• Input data

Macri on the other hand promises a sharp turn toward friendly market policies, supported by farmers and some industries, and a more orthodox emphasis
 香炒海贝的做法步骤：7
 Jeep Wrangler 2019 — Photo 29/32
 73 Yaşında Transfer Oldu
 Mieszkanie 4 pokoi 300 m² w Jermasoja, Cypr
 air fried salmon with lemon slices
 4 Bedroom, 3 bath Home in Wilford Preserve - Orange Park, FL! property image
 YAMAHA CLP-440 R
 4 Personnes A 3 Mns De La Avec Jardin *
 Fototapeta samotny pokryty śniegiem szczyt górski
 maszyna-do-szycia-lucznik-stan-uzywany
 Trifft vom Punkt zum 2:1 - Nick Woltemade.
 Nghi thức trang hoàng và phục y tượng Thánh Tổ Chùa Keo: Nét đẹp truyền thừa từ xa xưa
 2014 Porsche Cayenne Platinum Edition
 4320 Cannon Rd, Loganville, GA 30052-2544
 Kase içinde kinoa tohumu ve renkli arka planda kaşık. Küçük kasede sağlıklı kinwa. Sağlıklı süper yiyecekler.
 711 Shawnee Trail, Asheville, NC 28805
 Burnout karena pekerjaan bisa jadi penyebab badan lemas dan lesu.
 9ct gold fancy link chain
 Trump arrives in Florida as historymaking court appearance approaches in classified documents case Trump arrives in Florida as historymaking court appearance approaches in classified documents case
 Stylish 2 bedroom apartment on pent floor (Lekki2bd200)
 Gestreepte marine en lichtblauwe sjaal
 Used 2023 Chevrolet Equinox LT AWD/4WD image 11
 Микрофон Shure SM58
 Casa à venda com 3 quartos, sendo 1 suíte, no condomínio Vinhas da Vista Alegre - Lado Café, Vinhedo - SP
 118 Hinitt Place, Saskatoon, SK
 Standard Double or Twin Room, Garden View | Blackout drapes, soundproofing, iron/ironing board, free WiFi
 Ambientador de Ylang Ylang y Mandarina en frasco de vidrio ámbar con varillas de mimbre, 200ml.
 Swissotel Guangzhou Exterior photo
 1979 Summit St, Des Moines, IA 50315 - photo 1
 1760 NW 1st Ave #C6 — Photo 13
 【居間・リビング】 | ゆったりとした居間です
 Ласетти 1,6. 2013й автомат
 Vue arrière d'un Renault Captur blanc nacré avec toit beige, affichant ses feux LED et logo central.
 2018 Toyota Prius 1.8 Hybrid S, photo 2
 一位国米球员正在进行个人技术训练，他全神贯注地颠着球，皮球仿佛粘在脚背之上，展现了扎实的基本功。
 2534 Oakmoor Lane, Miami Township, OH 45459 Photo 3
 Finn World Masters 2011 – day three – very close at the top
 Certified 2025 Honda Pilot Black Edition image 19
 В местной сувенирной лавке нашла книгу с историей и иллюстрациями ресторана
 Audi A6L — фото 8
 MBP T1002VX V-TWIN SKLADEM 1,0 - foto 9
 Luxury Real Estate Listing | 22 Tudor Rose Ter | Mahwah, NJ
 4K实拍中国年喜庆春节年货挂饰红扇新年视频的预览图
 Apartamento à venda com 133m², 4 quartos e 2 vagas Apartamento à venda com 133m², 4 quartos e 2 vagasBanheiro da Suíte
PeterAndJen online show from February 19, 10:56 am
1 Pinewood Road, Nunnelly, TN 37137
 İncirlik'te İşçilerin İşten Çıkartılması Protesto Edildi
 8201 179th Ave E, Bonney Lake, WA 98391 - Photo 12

• What you need to do
Beginning with the line that contains "118 Hinitt Place, Saskatoon, SK", repeat every line through the end of the records and nothing more.

• Task solution
 118 Hinitt Place, Saskatoon, SK
 Standard Double or Twin Room, Garden View | Blackout drapes, soundproofing, iron/ironing board, free WiFi
 Ambientador de Ylang Ylang y Mandarina en frasco de vidrio ámbar con varillas de mimbre, 200ml.
 Swissotel Guangzhou Exterior photo
 1979 Summit St, Des Moines, IA 50315 - photo 1
 1760 NW 1st Ave #C6 — Photo 13
 【居間・リビング】 | ゆったりとした居間です
 Ласетти 1,6. 2013й автомат
 Vue arrière d'un Renault Captur blanc nacré avec toit beige, affichant ses feux LED et logo central.
 2018 Toyota Prius 1.8 Hybrid S, photo 2
 一位国米球员正在进行个人技术训练，他全神贯注地颠着球，皮球仿佛粘在脚背之上，展现了扎实的基本功。
 2534 Oakmoor Lane, Miami Township, OH 45459 Photo 3
 Finn World Masters 2011 – day three – very close at the top
 Certified 2025 Honda Pilot Black Edition image 19
 В местной сувенирной лавке нашла книгу с историей и иллюстрациями ресторана
 Audi A6L — фото 8
 MBP T1002VX V-TWIN SKLADEM 1,0 - foto 9
 Luxury Real Estate Listing | 22 Tudor Rose Ter | Mahwah, NJ
 4K实拍中国年喜庆春节年货挂饰红扇新年视频的预览图
 Apartamento à venda com 133m², 4 quartos e 2 vagas Apartamento à venda com 133m², 4 quartos e 2 vagasBanheiro da Suíte
PeterAndJen online show from February 19, 10:56 am
1 Pinewood Road, Nunnelly, TN 37137
 İncirlik'te İşçilerin İşten Çıkartılması Protesto Edildi
 8201 179th Ave E, Bonney Lake, WA 98391 - Photo 12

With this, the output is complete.